If so, it should ultimately depend on service, according to a number of wholesalers working with the Scottish trade, who have given their assessment of what operators should expect from their suppliers in 2017.
We work with our customers to help grow and promote their business.
Daniel Richards, category development manager at ViVAS, the specialist drinks division of Bidvest Foodservice, reckons wholesalers should now be offering a service that goes beyond “simply moving product from A to B in a delivery window” to provide “a full-service offer”.
“We work with customers to help grow and promote their businesses and our role covers ranging advice, insights and marketing support to ensure operators are selling the right beverages to the right customers,” said Richards.
“Wholesalers also hold great relationships with brand owners and can bridge the gap to help bring them to market and give them access to a wider customer base.”

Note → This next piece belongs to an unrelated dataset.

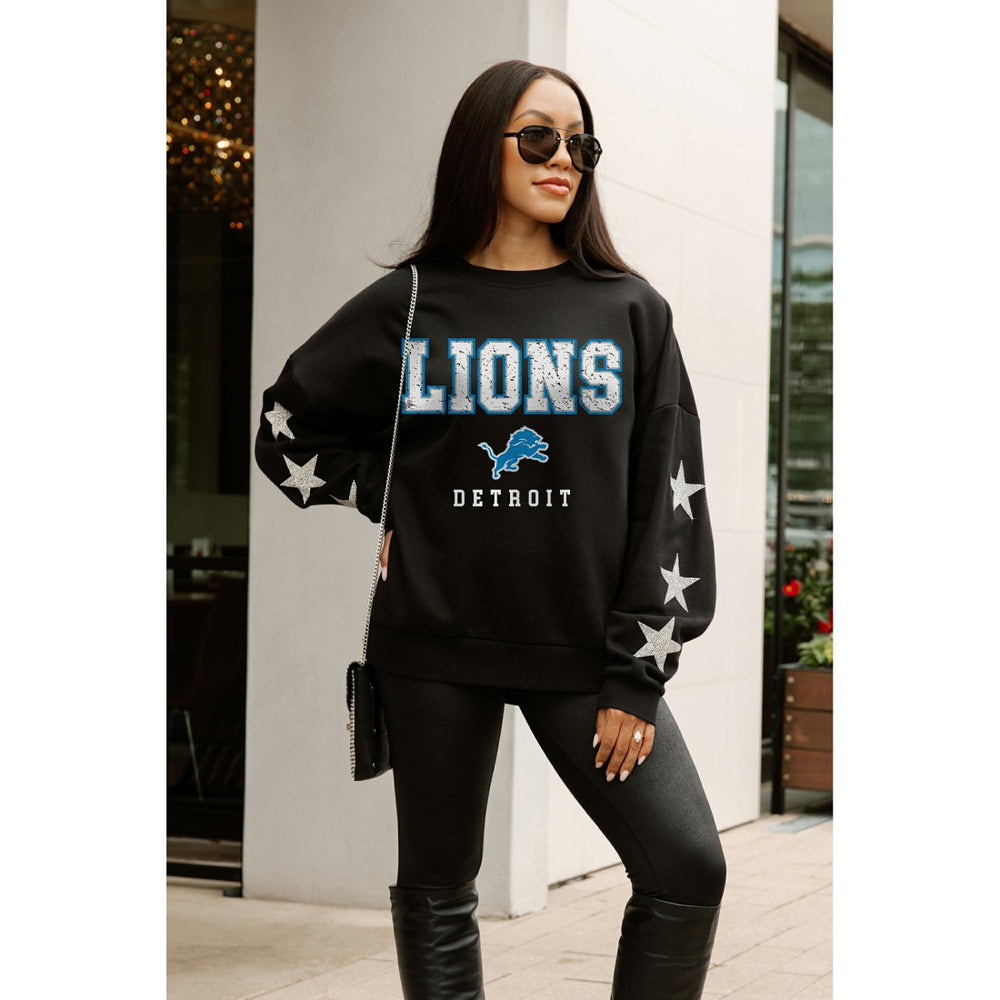 Detroit Lions Gameday Couture Women's Velocity Relaxed Rhinestone Pullover Sweatshirt - Black Pullover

Billy Bell of Wine Importers agreed that wholesalers should be taking on a larger role than simply fulfilling orders.
“I still firmly believe in personal contact,” said Bell.
“In particular I like to hear my well-trained and knowledgeable office staff speaking to customers on the phone, taking orders and answering queries, which is all part of the very personal service we like to offer.”
Ian Cumming, commercial director at Inverarity Morton, agreed that operators should expect person-to-person service from their wholesaler.
“[Operators] should look for a wholesaler with whom they can foster a strong working relationship and it goes way beyond price,” said Cumming.
“Our customers want to know that we can deliver ‘value for money’ so that applies to the depth and breadth of the product range, the customer service they experience from point of ordering to delivery, and the support they receive from their account manager in terms of tailoring a product list to suit their needs and providing that ongoing care.”
This year in particular could be one in which choosing the right wholesaler could result in real savings as political turmoil is expected to influence drinks prices.
Operators should look for a wholesaler with whom they can foster a relationship.
Billy Bell reckons a lot will depend on how Sterling is affected by Brexit, “as certainly with wine the UK is a major importer”.
“Currencies where Sterling is weak like those dealing in dollars will see pretty substantial increases on wine lists,” said Bell. “This will affect Chile, Argentina and the US, and may see house wines from these areas move out of that bracket on wine lists.
“Look out for good Euro-based wine areas like the South of France where they have had a great crop of grapes in 2016.”